Quello che tiene sotto pressione con i suoi continui ricatti? Fino ad oggi ha condizionato le scelte sia del Governo che dei lavoratori, minacciando di spostare la produzione in altri paesi. E abbiamo cercato di capirlo, perché, e ci dispiace, concordiamo con lui che in Italia i politici parlano male e lavorano peggio. Ma, per cortesia, non usiamo termini trionfalistici sulla nascita di "nuove relazioni industriali", come si è gongolato di dire in televisione il ministro Sacconi; oppure il faccione sorridente di Bonanni, che si affretta a presentarsi davanti alle telecamere per dire ai lavoratori che c'è un sindacato che lavora per il lavoro e per loro ed un altro che pensa solo a distruggere. Noi  siamo certi che il ministro Sacconi abbia letto il rapporto  che Alain Supiot, insieme a molti altri studiosi di altri paesi, ha redatto per la Commissione europea, Il futuro del lavoro e che sia in completo disaccordo circa le "nuove relazioni industriali"ivi descritte, altrimenti ci dovrebbe spiegare cosa intende per "relazioni industriali". E al buon Bonanni ci piace far presente che, pur essendosi svolto un referendum fra gli operai sotto la minaccia del ricatto di trasferire la produzione in altri paesi, la Fiom e gli altri "distruttori del lavoro" hanno ottenuto il 49 per cento.

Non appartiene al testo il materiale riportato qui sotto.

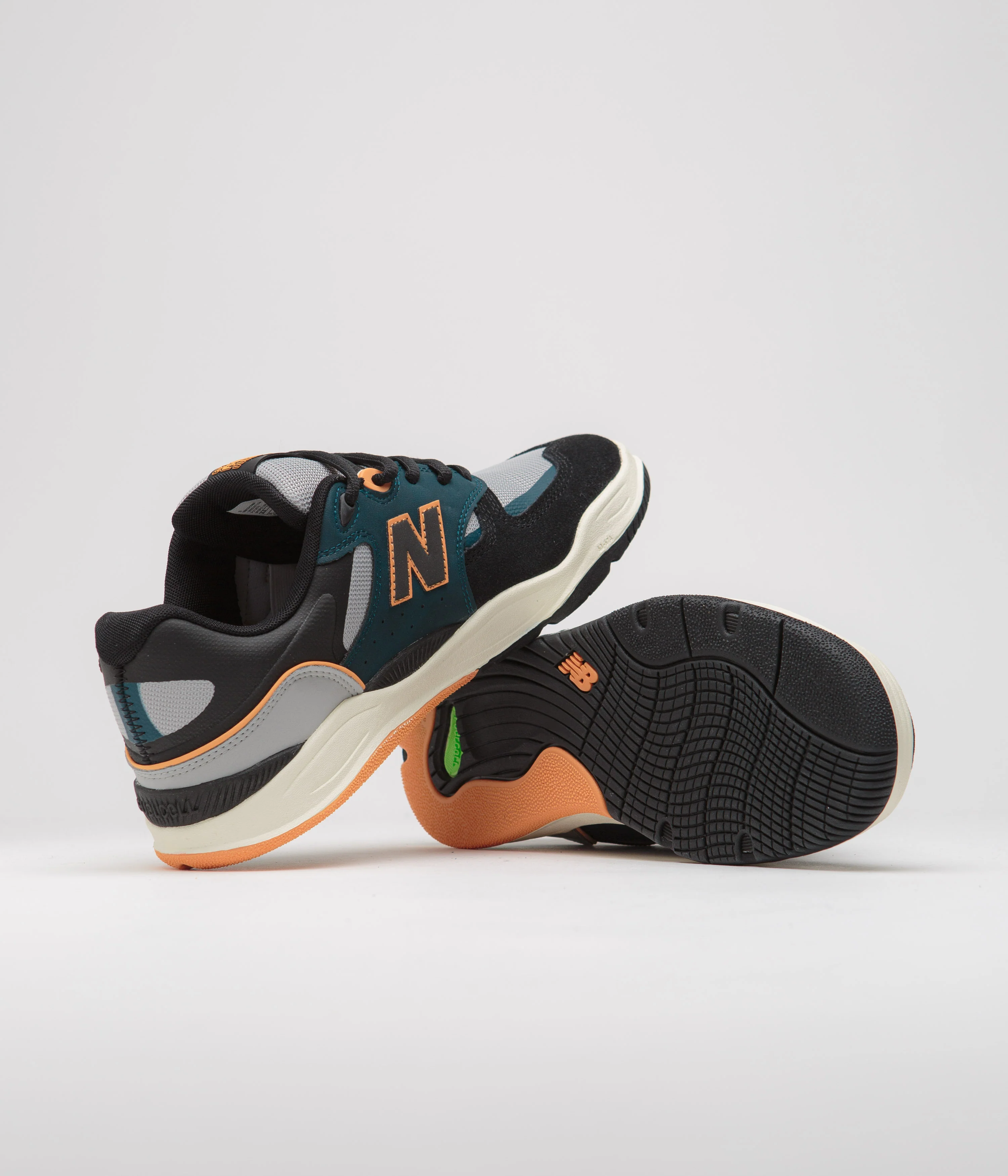 New Balance Numeric 1010 Tiago Lemos Shoes - Teal / Black - Image 5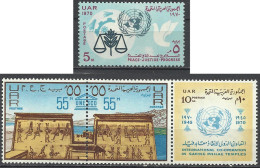 EGYPT..1970..Michel # 1006-1009...MNH..MiCV - 3.20 Euro. - Ungebraucht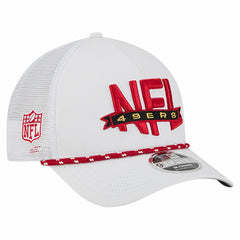 NFL 9FORTY A-Frame M-Crown Adjustable Trucker Hat - San Francisco 49ers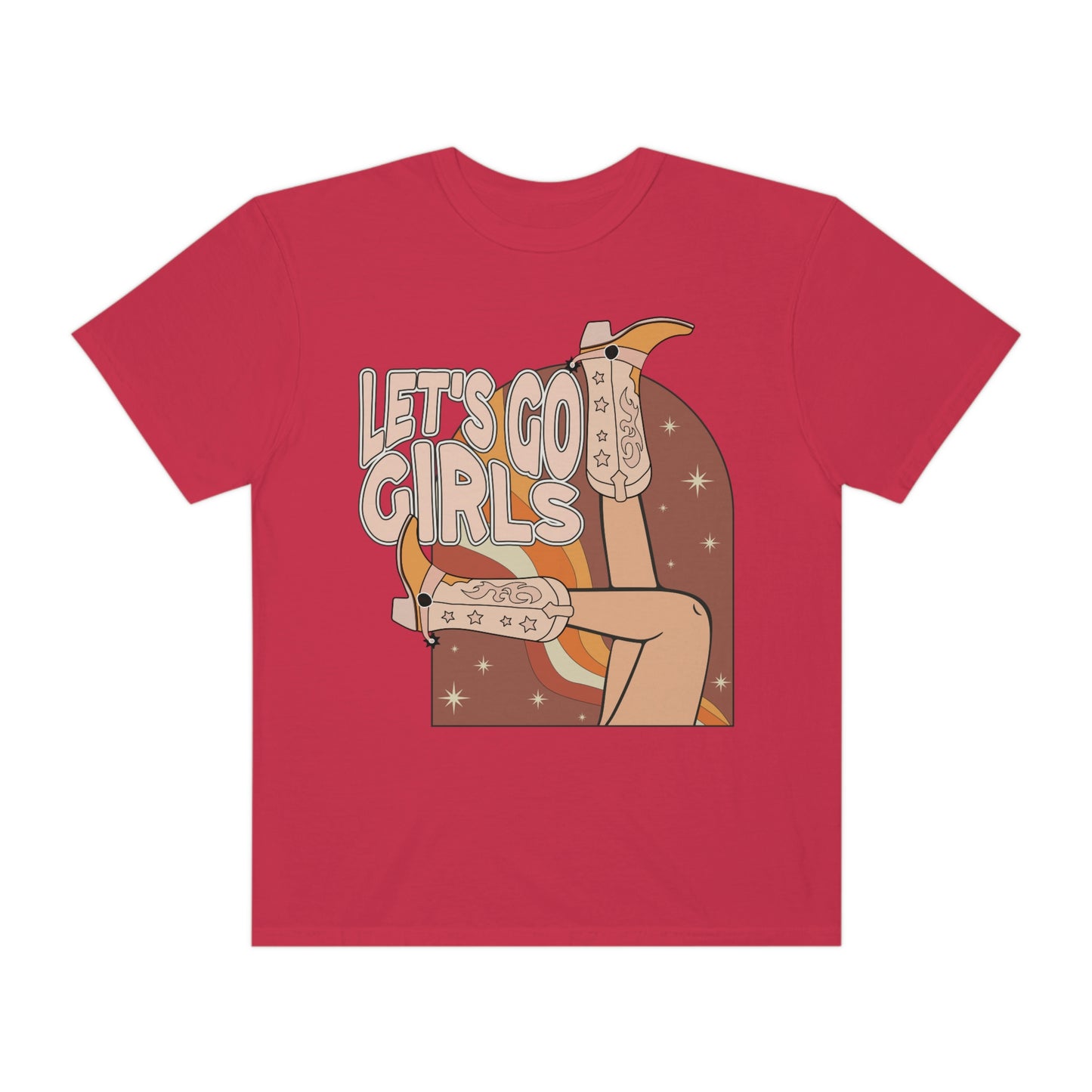 Retro Style Let's Go Girls Shania Twain Themed Country Music Tshirt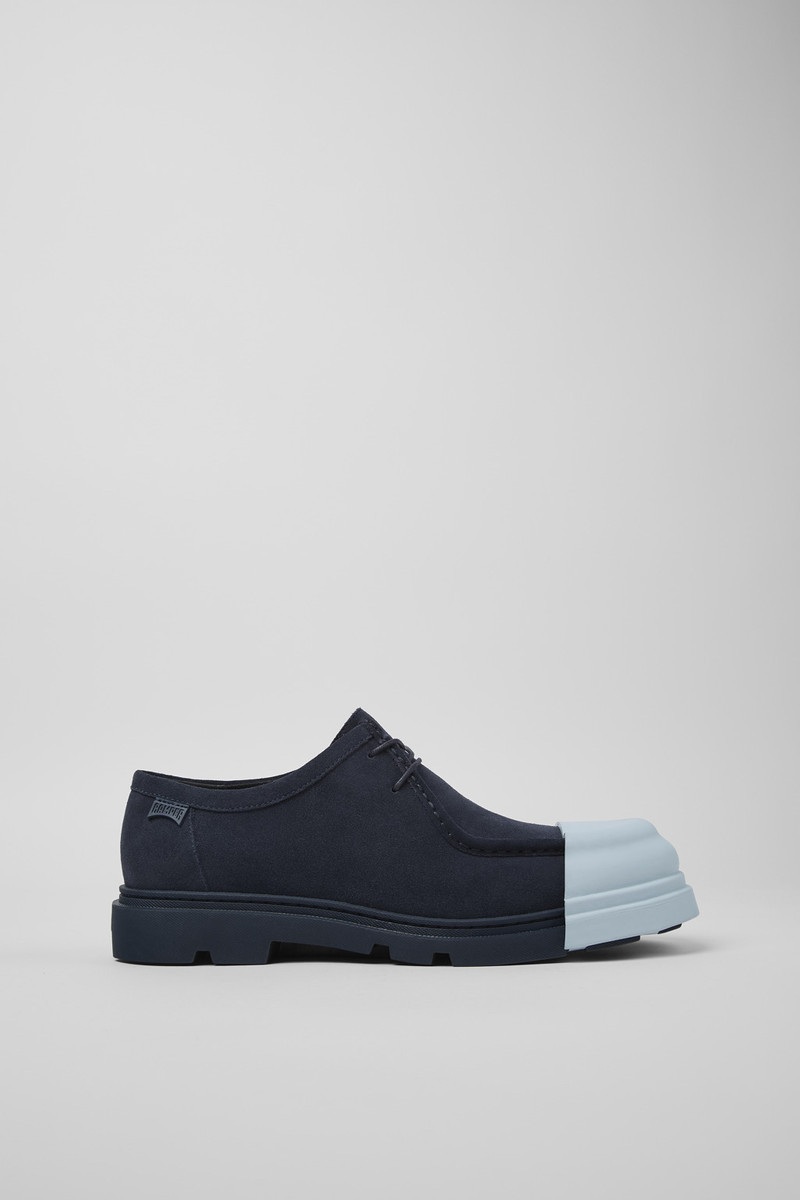 Blue nubuck shoes for men 1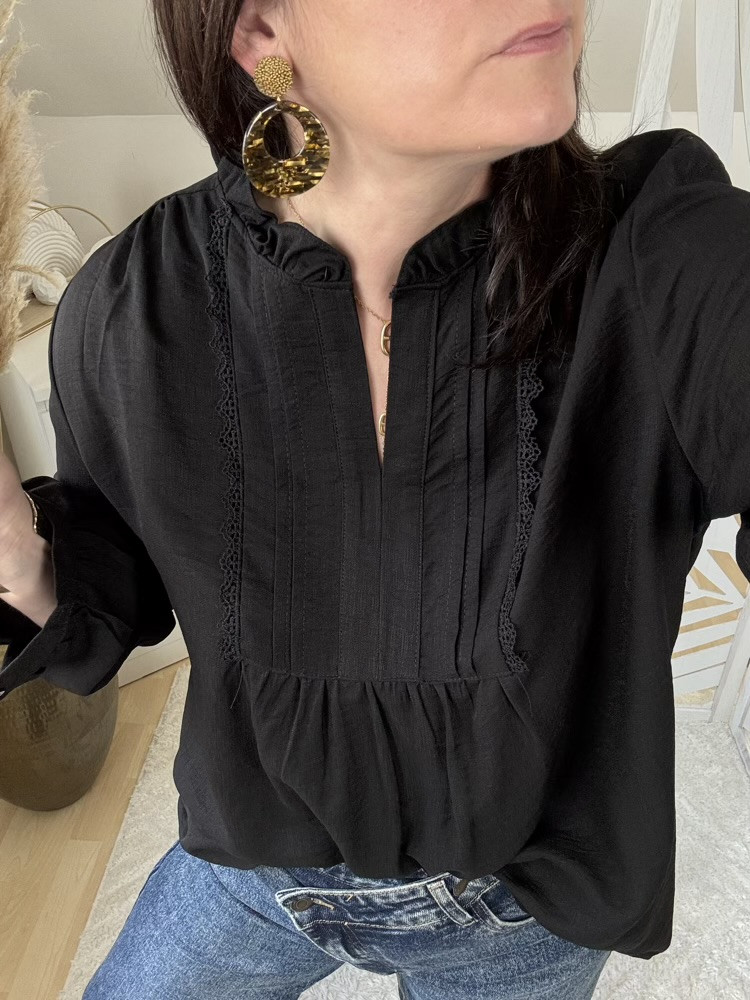 Blouse blanche ou noire  Lilou 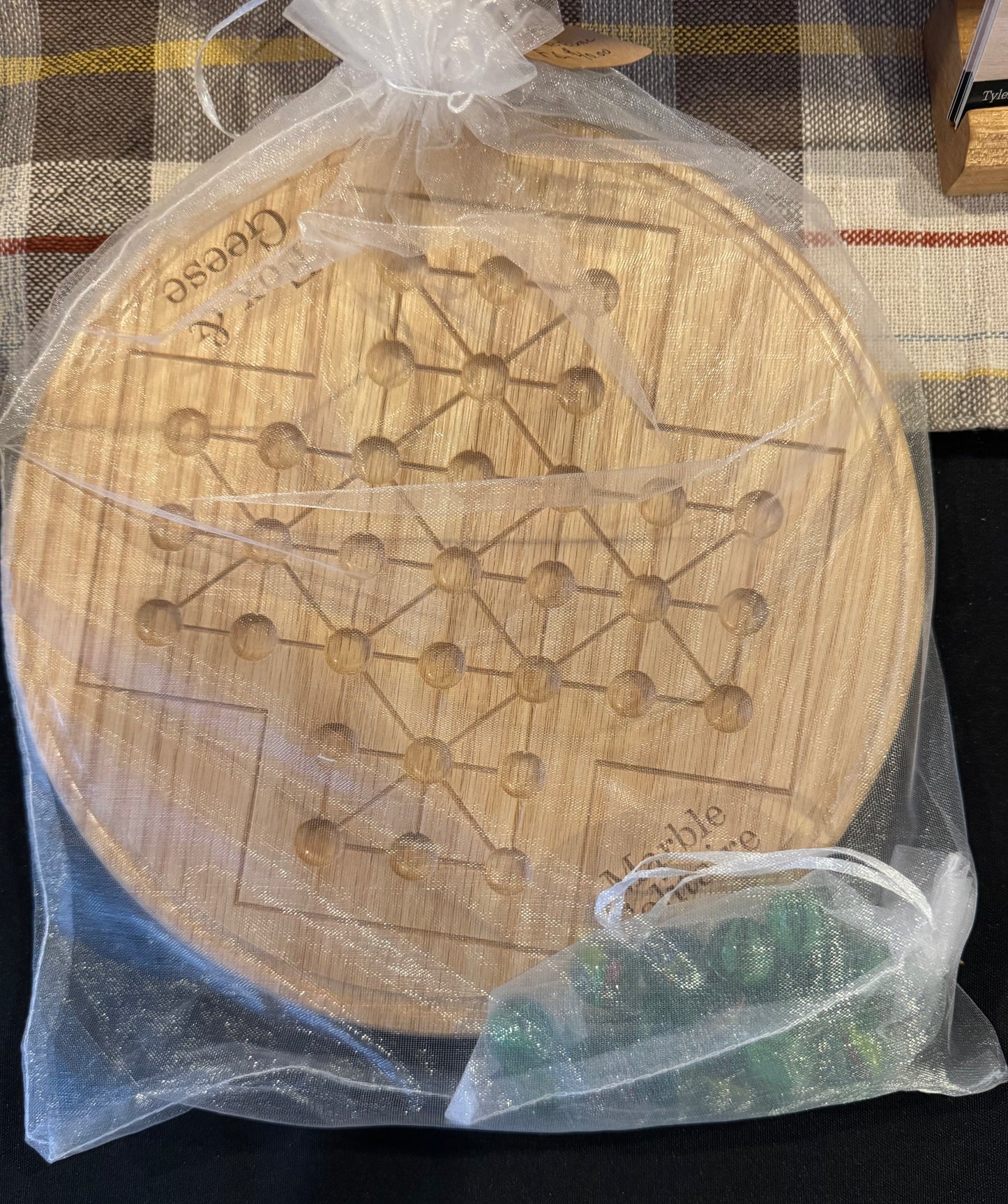 The Final Cut Woodworrking Wood Decor The Final Cut Woodworking Fox & Geese Marble Game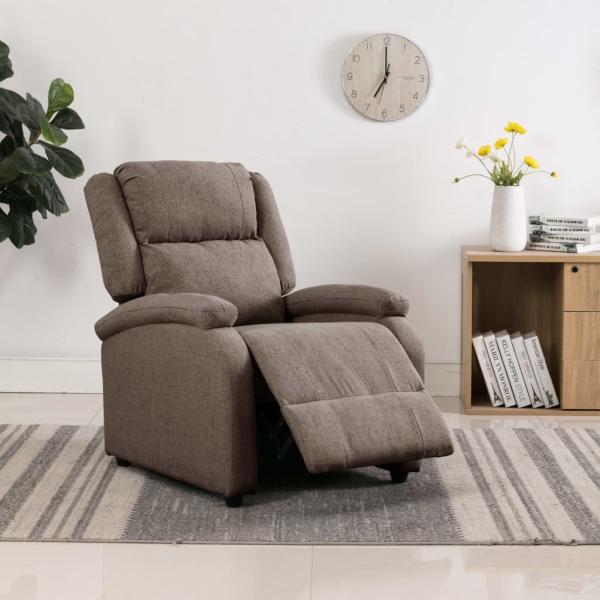ARDEBO.de - Relaxsessel Taupe Stoff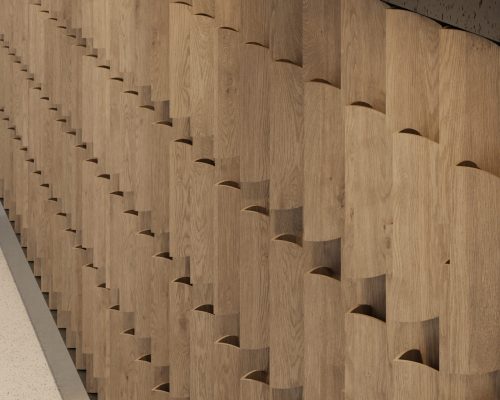Ovale 3D Tiles | Mocha Legno | WoodGrain Collection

Non ci interessa, almeno in questo momento, il ricatto di Marchionne alla Confindustria, che per non perdere uno dei maggiori contribuenti, sta correndo a fare le modifiche richieste pur di riaverlo nelle loro fila. 


Tutto questo era ieri. Si è brindato al futuro; si è osannato il coraggio di sindacati che capiscono le esigenze della globalizzazione; la politica ha tirato un sospiro di sollievo, altrimenti ci sarebbe stato il baratro; le forze politiche si sono schierate pro o contro, addirittura divise, come il Pd, scommettendo sull'uomo venuto dal freddo. Si sono scritte pagine di giornali sui modi bruschi, talvolta rudi, ma decisi di chi è abituato a comandare, mettendo in risalto, però, la parola data sui maxi investimenti futuri. Però niente conoscenza sulle strategie; nessuna risposta sulla perdita di mercato in Europa. Niente! Ci siamo fidati.


Ieri, tanto per tenere ancora sotto ricatto, quindi tenere caldi i propri interlocutori per ulteriori concessioni da ottenere, dichiara il possibile trasferimento a Detroit della Fiat. Il sindaco di Torino, Chiamparino, è nel panico e attende il ritorno di Marchionne per sapere esattamente come stanno le cose. Forse lo minaccerà di non giocarci più a carte! Il Governo, per voce del ministro Sacconi è rassegnato e, nell'incontro richiesto, chiederà che a Torino rimanga "almeno il centro direzionale europeo".  D'altronde Tremonti continua a dire che non ci sono soldi per una politica industriale adeguata e solo l'Italia ha potuto tenere vacante il ministero dello Sviluppo economico per dei mesi, quando ce ne sarebbe stato bisogno. Però il ministro ci ha tranquillizzati, perché ha garantito che l'esecutivo sta seguendo con attenzione l'evolversi delle cose e, comunque, la Fiat dovrà rimanere una ".multinazionale italiana". Sinceramente, se l'ha detto il ministro Romani, non vedo perché ci si debba preoccupare. La famiglia Agnelli, attraverso Maria Sole e Elkann, sminuisono la portata delle dichiarazioni del loro "conduttore", sapendo, comunque, che poco potranno fare per contrastarlo.  Anzi, dovranno preoccuparsi di mantenere il nome degli Agnelli in una fabbrica vanto dell'Italia e della loro famiglia. Forse, perché no, ricordarsi che l'Italia ha avuto dalla Fiat, ma la Fiat ha avuto tanto dall'Italia.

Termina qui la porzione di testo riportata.